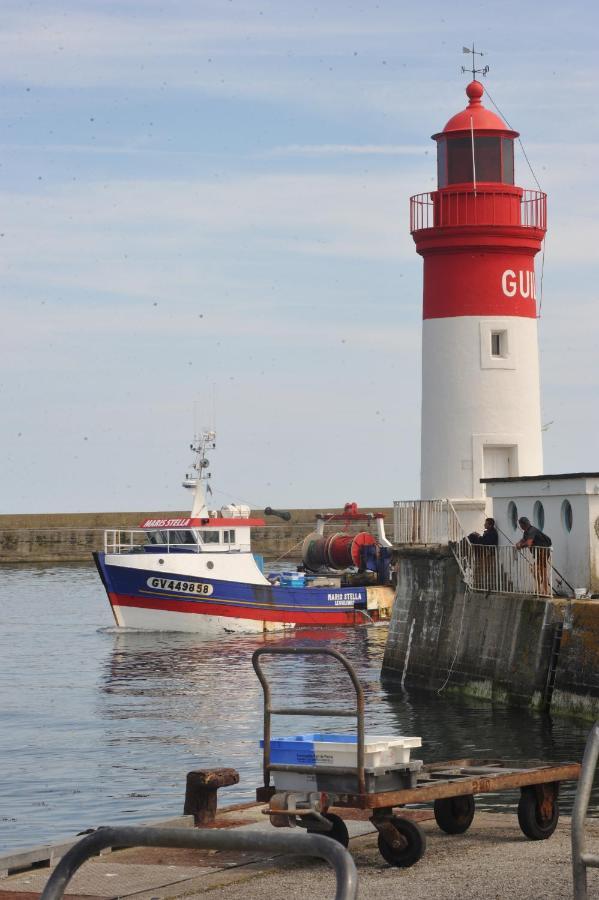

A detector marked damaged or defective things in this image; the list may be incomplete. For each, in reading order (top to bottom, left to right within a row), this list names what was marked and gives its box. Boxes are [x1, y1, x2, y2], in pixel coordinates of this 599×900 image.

rusty bollard [184, 768, 240, 828]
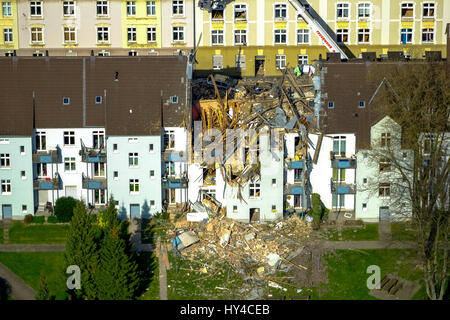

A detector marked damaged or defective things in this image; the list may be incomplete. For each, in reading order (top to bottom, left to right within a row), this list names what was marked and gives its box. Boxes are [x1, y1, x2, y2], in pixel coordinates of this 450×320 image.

damaged apartment building [0, 55, 192, 220]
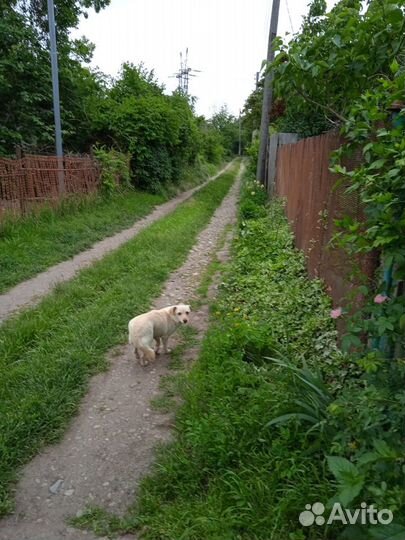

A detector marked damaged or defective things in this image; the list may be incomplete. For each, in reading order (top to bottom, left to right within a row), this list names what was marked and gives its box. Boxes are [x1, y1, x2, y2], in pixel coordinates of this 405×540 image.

rusty metal fence [0, 154, 100, 217]
rusty metal fence [274, 130, 378, 306]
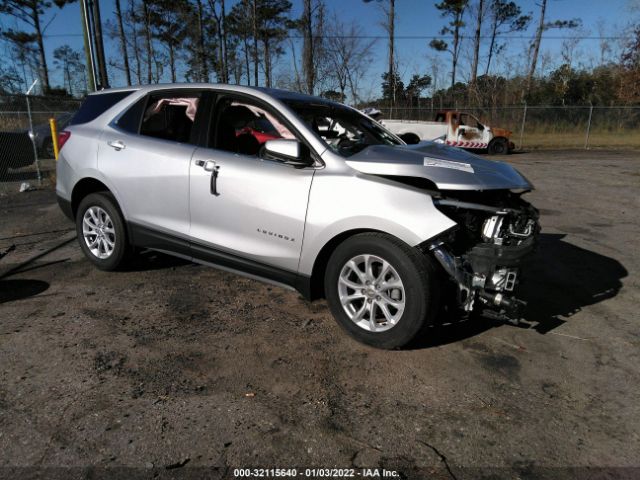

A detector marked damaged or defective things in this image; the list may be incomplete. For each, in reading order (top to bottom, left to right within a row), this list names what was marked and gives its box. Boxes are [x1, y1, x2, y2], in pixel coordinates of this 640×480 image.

damaged vehicle nearby [56, 85, 540, 348]
crumpled hood [348, 142, 532, 190]
front-end collision damage [422, 189, 536, 320]
damaged front bumper [424, 192, 540, 322]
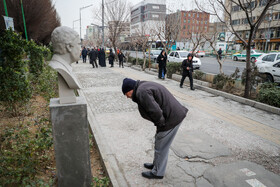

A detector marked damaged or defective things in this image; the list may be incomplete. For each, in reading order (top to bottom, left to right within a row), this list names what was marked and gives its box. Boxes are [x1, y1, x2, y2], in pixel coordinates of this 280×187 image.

cracked pavement [72, 61, 280, 187]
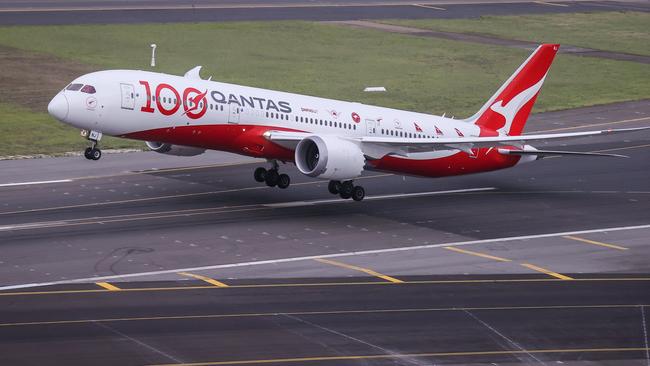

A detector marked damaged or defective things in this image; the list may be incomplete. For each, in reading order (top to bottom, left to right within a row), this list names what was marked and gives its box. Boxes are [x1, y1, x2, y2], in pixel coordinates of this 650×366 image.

pavement crack [92, 320, 182, 364]
pavement crack [280, 312, 430, 366]
pavement crack [460, 308, 548, 366]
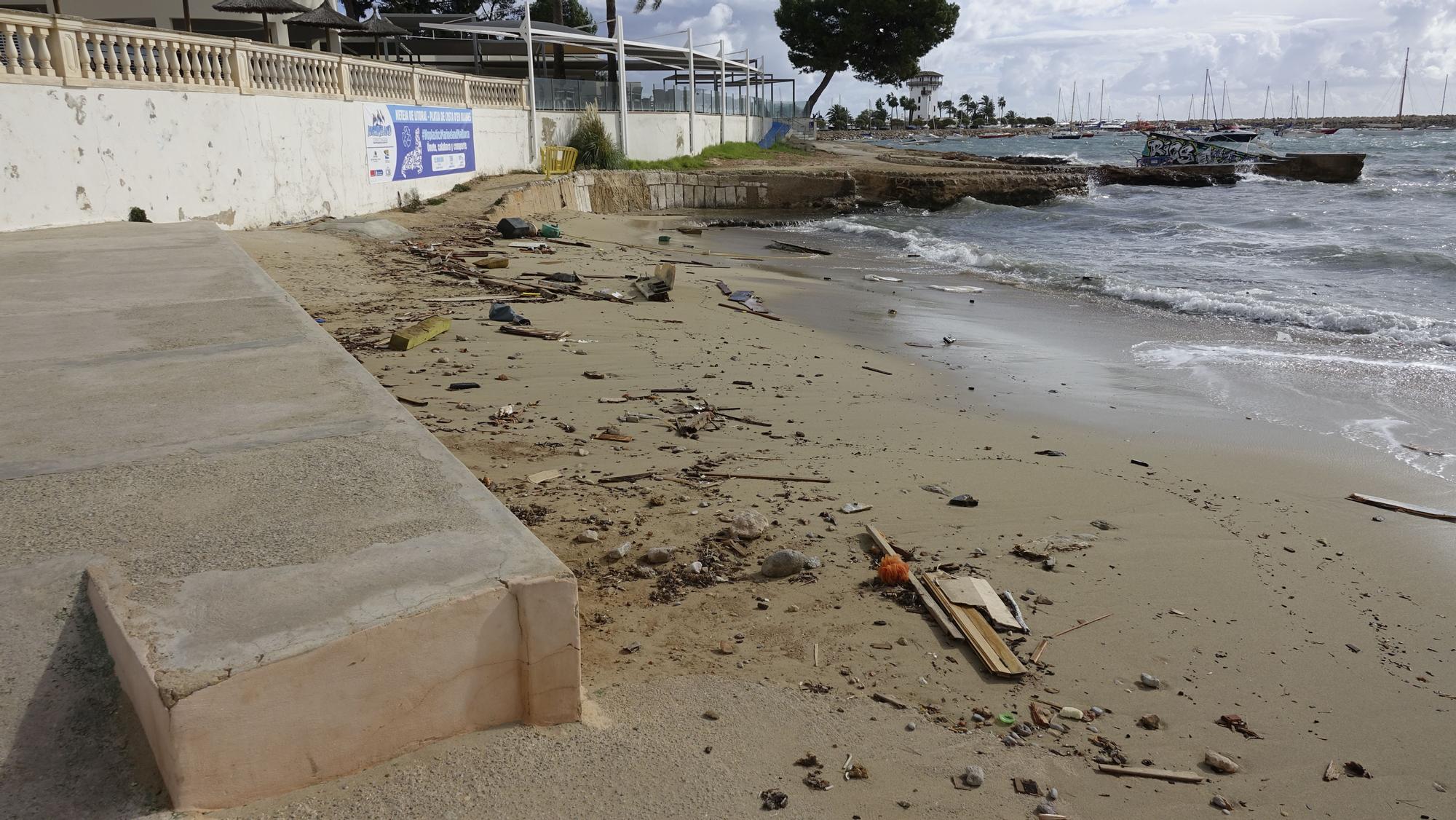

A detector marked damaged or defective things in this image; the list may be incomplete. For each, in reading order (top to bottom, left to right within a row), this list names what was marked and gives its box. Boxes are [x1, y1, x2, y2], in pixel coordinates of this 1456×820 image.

broken wood piece [498, 326, 571, 342]
broken wood piece [1345, 492, 1450, 524]
broken wood piece [1048, 612, 1112, 638]
broken wood piece [868, 693, 903, 714]
broken wood piece [1095, 769, 1211, 787]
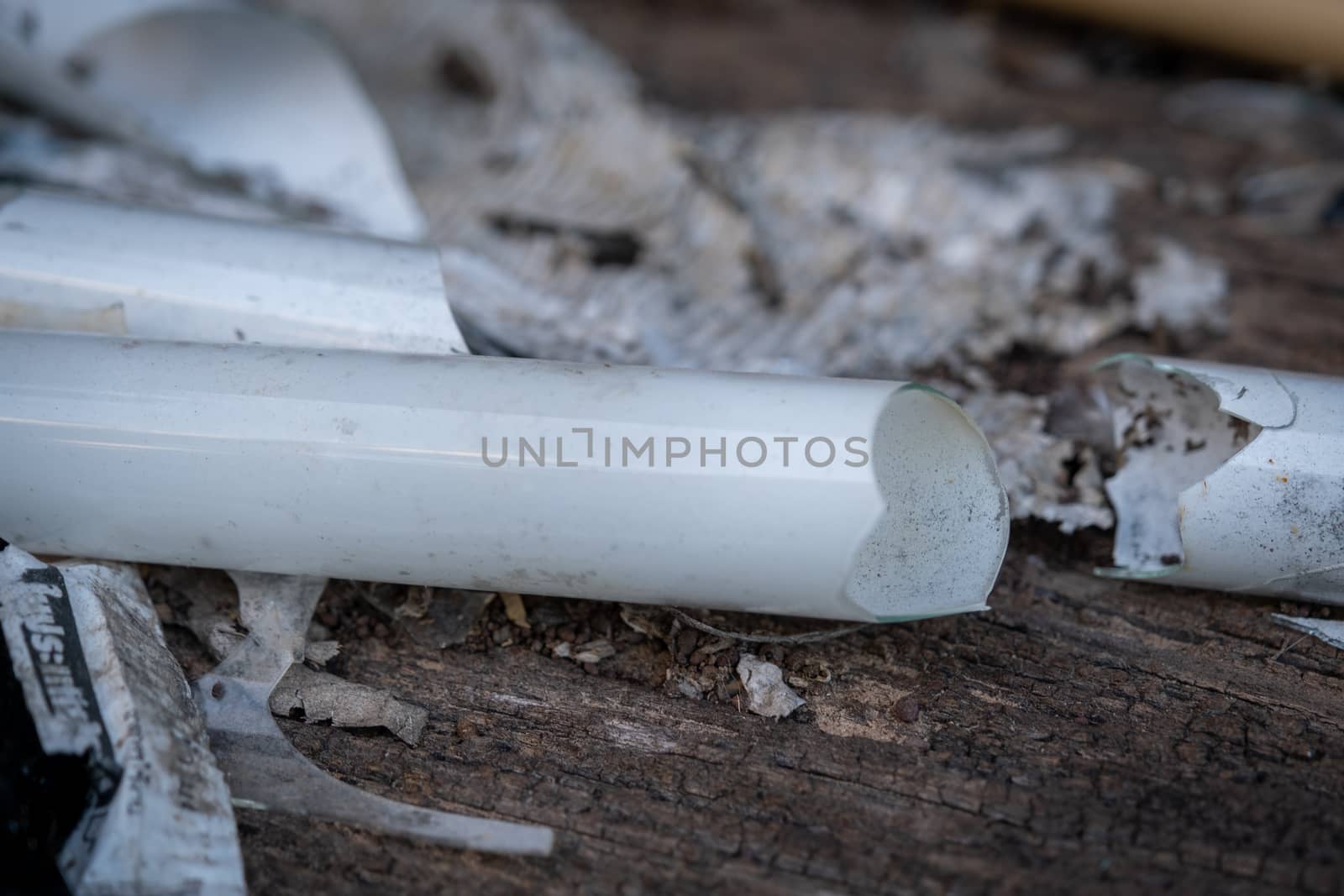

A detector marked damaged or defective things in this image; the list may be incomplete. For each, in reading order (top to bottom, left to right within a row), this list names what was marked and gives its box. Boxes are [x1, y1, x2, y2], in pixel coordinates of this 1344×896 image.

torn label fragment [0, 191, 467, 357]
torn label fragment [0, 328, 1011, 623]
shattered tube fragment [0, 332, 1011, 623]
broken fluorescent tube [0, 332, 1011, 623]
torn label fragment [1096, 354, 1338, 601]
shattered tube fragment [1096, 354, 1338, 601]
broken fluorescent tube [1096, 354, 1338, 601]
torn label fragment [0, 540, 244, 896]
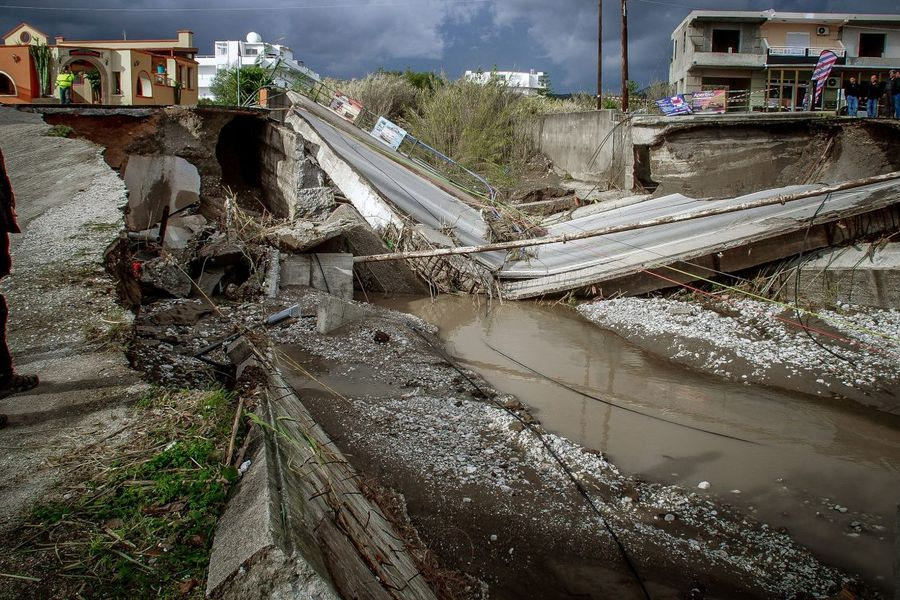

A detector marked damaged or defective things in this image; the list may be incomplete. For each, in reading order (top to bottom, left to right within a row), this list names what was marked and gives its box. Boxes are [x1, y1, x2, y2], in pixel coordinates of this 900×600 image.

= = = = = = =

**Work request**. Once the line containing "this 280×187 image." is found, write out exactly that line and each line after it through the end of the entries, omitting pictures.

**Solution**.
A detector marked damaged or defective things in this image; the list may be incomplete. For each, in reading order (top to bottom, left to right within a row), this list names what was marked and gives its box. Boxes are [x1, y1, x2, y2], in pixel coordinates of this 280×187 image.

cracked pavement [72, 61, 280, 187]

A detector marked damaged or defective things in this image; the list may be incomplete. For each, in reading order (top to bottom, left to right within a row), this list names what was marked and gives its box. Boxes are [x1, y1, x2, y2], in pixel coordinates of this 650×366 image.

pavement crack [92, 320, 182, 364]
pavement crack [280, 312, 430, 366]
pavement crack [460, 308, 548, 366]

A detector marked damaged or defective things in this image; the list may be incomplete. For each, in reading order (top to bottom, left to right within a row), this list names what was marked and gives its box. Boxes are [x1, y1, x2, y2], in pixel coordinates of this 1456×820 image.

broken wood piece [498, 326, 571, 342]
broken wood piece [1345, 492, 1450, 524]
broken wood piece [1048, 612, 1112, 638]
broken wood piece [868, 693, 903, 714]
broken wood piece [1095, 769, 1211, 787]

A detector marked damaged or defective things in this image; the list may be incomplete. For each, in reading order (top to bottom, left to right within a row), this list names what was marked and gives its box. Boxes are [x1, y1, x2, y2], in pixel coordinates of this 1344×896 image.

torn label fragment [0, 191, 467, 357]
torn label fragment [0, 328, 1011, 623]
shattered tube fragment [0, 332, 1011, 623]
broken fluorescent tube [0, 332, 1011, 623]
torn label fragment [1096, 354, 1338, 601]
shattered tube fragment [1096, 354, 1338, 601]
broken fluorescent tube [1096, 354, 1338, 601]
torn label fragment [0, 540, 244, 896]

A detector marked damaged or defective things in this image; the list may be incomplete. For each, in reading order (top to bottom, left to right within a row), this list names what was marked and gives its box. Boxes are [x1, y1, x2, y2], in pixel coordinates of this 900×600 image.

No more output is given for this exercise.